• _EXERCISE DETAILS_
Once the line with "Sawan orange logo" is found in the entries below, print it and each following line exactly, stopping after the line with "Kia RIO Hatchback 1.4 2 2018 CV18LRU Red #4"; print nothing else.

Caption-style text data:

####################

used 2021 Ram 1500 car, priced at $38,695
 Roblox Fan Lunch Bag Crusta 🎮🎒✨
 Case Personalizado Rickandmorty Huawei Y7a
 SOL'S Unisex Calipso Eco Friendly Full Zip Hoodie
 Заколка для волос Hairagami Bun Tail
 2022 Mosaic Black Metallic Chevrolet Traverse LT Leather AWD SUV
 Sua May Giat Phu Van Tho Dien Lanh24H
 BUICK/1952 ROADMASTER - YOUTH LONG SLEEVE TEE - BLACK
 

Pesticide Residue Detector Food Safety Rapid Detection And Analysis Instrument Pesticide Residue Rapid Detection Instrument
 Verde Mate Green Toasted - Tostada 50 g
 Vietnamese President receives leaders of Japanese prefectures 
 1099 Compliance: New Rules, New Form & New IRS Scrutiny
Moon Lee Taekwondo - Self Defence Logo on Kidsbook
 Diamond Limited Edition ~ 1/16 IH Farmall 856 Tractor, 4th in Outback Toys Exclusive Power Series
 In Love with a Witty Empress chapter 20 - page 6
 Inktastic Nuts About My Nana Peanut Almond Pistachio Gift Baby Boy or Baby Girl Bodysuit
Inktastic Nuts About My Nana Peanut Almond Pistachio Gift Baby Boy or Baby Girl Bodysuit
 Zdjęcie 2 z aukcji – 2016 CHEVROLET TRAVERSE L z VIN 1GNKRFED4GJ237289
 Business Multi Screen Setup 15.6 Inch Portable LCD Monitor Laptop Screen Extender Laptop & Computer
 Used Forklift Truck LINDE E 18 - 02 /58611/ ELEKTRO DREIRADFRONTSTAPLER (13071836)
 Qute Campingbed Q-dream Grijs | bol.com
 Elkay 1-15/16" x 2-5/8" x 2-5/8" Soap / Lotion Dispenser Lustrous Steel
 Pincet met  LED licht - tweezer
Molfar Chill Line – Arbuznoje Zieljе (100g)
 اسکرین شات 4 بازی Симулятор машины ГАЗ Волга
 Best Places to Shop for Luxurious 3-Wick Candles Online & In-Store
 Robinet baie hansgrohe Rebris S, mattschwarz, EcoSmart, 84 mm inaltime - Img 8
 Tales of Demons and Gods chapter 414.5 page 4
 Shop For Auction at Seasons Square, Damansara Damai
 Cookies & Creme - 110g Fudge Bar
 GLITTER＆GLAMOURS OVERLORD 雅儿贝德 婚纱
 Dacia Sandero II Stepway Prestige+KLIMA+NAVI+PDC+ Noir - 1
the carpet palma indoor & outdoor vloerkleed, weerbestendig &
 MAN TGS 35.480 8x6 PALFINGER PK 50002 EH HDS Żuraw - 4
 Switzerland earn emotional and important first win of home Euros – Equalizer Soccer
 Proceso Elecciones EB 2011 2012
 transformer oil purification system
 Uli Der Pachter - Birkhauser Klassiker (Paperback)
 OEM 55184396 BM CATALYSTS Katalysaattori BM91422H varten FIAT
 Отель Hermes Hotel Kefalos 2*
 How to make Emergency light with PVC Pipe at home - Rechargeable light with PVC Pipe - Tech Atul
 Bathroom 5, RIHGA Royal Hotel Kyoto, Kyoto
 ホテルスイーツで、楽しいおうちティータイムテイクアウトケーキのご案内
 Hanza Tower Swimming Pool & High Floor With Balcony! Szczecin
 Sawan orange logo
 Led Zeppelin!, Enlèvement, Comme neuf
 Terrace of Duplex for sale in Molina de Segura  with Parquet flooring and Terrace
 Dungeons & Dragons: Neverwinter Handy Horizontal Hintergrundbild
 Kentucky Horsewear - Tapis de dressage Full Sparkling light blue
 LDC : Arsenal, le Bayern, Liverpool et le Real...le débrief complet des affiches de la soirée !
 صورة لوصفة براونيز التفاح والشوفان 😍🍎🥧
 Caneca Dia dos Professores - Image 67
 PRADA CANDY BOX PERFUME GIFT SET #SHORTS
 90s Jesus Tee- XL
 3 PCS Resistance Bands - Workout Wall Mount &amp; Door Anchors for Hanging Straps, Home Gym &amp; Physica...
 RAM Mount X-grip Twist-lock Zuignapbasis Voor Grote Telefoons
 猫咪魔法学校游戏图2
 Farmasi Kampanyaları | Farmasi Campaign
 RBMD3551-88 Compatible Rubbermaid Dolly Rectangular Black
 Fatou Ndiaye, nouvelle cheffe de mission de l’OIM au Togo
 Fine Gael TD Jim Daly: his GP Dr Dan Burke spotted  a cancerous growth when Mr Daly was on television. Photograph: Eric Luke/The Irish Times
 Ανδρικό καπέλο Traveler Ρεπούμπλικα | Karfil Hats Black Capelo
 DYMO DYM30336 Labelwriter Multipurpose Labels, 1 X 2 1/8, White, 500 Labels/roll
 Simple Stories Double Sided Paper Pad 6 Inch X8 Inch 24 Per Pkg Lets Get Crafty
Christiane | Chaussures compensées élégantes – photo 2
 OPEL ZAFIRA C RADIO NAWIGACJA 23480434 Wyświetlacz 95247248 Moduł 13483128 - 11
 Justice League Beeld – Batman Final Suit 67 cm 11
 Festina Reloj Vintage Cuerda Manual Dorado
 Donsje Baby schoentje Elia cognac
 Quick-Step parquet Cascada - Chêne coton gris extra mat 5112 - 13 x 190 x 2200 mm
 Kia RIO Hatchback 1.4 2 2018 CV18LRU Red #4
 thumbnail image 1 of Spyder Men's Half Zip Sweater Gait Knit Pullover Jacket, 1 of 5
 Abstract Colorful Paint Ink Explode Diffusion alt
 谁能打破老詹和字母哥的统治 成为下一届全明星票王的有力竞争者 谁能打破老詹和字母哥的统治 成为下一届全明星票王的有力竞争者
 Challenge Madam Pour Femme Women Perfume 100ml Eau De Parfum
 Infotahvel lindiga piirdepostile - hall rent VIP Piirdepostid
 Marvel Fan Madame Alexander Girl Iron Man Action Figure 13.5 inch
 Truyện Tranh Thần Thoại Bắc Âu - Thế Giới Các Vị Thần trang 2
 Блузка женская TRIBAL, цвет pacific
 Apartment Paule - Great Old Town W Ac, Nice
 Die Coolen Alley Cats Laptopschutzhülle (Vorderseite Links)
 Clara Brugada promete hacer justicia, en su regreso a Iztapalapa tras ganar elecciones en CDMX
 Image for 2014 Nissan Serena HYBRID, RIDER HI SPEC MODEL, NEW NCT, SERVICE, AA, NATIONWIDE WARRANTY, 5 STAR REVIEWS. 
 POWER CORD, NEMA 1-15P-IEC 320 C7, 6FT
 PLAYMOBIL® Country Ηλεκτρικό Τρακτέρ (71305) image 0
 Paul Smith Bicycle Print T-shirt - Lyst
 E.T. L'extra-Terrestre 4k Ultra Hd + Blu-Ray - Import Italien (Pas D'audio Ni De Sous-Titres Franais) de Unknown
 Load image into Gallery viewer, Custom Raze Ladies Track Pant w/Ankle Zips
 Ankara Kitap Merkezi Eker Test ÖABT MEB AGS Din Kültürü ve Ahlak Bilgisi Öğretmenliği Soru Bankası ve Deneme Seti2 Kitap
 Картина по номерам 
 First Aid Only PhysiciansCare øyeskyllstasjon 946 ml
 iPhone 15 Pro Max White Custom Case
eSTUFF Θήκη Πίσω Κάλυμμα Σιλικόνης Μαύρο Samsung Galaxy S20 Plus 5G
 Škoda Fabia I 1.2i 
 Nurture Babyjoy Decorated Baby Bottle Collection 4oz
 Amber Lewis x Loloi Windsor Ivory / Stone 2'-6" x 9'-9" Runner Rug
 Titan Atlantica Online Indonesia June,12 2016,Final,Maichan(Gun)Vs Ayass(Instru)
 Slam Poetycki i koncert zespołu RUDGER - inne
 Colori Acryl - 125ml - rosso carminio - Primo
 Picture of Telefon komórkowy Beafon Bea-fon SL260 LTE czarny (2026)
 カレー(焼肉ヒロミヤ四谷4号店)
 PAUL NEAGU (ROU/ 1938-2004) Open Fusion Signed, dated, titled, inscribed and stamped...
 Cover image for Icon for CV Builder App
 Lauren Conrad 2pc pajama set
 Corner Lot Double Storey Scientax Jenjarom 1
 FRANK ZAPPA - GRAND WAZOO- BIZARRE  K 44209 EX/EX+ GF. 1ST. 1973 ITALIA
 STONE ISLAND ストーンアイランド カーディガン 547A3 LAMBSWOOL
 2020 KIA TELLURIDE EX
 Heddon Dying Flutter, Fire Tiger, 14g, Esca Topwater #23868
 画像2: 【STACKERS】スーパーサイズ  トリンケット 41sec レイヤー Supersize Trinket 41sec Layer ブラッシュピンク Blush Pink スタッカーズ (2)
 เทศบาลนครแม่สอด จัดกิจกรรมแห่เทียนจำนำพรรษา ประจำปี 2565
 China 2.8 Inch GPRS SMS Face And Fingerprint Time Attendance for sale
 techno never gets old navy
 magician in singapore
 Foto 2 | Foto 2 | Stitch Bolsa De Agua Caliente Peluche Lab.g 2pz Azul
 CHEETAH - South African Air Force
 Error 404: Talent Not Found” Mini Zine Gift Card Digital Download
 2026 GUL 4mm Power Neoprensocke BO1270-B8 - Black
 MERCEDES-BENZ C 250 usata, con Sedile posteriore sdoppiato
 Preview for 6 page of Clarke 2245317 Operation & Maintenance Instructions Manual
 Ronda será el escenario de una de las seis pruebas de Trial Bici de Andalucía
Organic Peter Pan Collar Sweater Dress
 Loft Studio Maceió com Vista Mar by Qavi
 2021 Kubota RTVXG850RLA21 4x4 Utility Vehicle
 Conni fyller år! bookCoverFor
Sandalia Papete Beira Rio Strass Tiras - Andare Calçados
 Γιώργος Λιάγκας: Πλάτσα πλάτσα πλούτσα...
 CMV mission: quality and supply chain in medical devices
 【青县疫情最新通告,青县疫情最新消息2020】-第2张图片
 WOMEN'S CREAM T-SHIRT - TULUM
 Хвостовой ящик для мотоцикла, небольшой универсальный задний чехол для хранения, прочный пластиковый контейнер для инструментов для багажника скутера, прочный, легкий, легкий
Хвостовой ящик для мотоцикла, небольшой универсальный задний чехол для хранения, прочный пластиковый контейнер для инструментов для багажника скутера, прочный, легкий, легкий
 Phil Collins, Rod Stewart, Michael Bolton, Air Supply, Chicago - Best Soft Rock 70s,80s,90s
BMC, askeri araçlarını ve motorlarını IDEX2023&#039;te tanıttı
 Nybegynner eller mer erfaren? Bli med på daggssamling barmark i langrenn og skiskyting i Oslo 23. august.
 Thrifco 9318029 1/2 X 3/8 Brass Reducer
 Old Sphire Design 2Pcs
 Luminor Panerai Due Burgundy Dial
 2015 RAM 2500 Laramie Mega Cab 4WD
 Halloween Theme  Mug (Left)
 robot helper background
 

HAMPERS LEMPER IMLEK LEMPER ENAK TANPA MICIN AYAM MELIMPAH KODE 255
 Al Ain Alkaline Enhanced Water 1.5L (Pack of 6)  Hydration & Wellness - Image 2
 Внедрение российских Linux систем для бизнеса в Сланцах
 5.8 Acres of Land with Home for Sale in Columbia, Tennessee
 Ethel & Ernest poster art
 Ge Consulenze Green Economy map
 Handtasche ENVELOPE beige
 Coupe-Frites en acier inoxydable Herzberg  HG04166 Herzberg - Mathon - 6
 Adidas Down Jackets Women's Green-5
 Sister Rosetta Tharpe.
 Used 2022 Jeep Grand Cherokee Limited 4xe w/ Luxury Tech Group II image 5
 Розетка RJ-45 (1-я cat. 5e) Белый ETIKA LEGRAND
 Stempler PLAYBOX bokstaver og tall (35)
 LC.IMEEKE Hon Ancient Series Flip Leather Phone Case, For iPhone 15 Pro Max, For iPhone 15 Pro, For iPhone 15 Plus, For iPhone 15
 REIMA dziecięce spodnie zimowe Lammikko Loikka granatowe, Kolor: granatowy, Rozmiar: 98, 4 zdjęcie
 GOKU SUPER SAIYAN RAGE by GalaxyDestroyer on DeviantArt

####################

• _TASK RESULT_
 Sawan orange logo
 Led Zeppelin!, Enlèvement, Comme neuf
 Terrace of Duplex for sale in Molina de Segura  with Parquet flooring and Terrace
 Dungeons & Dragons: Neverwinter Handy Horizontal Hintergrundbild
 Kentucky Horsewear - Tapis de dressage Full Sparkling light blue
 LDC : Arsenal, le Bayern, Liverpool et le Real...le débrief complet des affiches de la soirée !
 صورة لوصفة براونيز التفاح والشوفان 😍🍎🥧
 Caneca Dia dos Professores - Image 67
 PRADA CANDY BOX PERFUME GIFT SET #SHORTS
 90s Jesus Tee- XL
 3 PCS Resistance Bands - Workout Wall Mount &amp; Door Anchors for Hanging Straps, Home Gym &amp; Physica...
 RAM Mount X-grip Twist-lock Zuignapbasis Voor Grote Telefoons
 猫咪魔法学校游戏图2
 Farmasi Kampanyaları | Farmasi Campaign
 RBMD3551-88 Compatible Rubbermaid Dolly Rectangular Black
 Fatou Ndiaye, nouvelle cheffe de mission de l’OIM au Togo
 Fine Gael TD Jim Daly: his GP Dr Dan Burke spotted  a cancerous growth when Mr Daly was on television. Photograph: Eric Luke/The Irish Times
 Ανδρικό καπέλο Traveler Ρεπούμπλικα | Karfil Hats Black Capelo
 DYMO DYM30336 Labelwriter Multipurpose Labels, 1 X 2 1/8, White, 500 Labels/roll
 Simple Stories Double Sided Paper Pad 6 Inch X8 Inch 24 Per Pkg Lets Get Crafty
Christiane | Chaussures compensées élégantes – photo 2
 OPEL ZAFIRA C RADIO NAWIGACJA 23480434 Wyświetlacz 95247248 Moduł 13483128 - 11
 Justice League Beeld – Batman Final Suit 67 cm 11
 Festina Reloj Vintage Cuerda Manual Dorado
 Donsje Baby schoentje Elia cognac
 Quick-Step parquet Cascada - Chêne coton gris extra mat 5112 - 13 x 190 x 2200 mm
 Kia RIO Hatchback 1.4 2 2018 CV18LRU Red #4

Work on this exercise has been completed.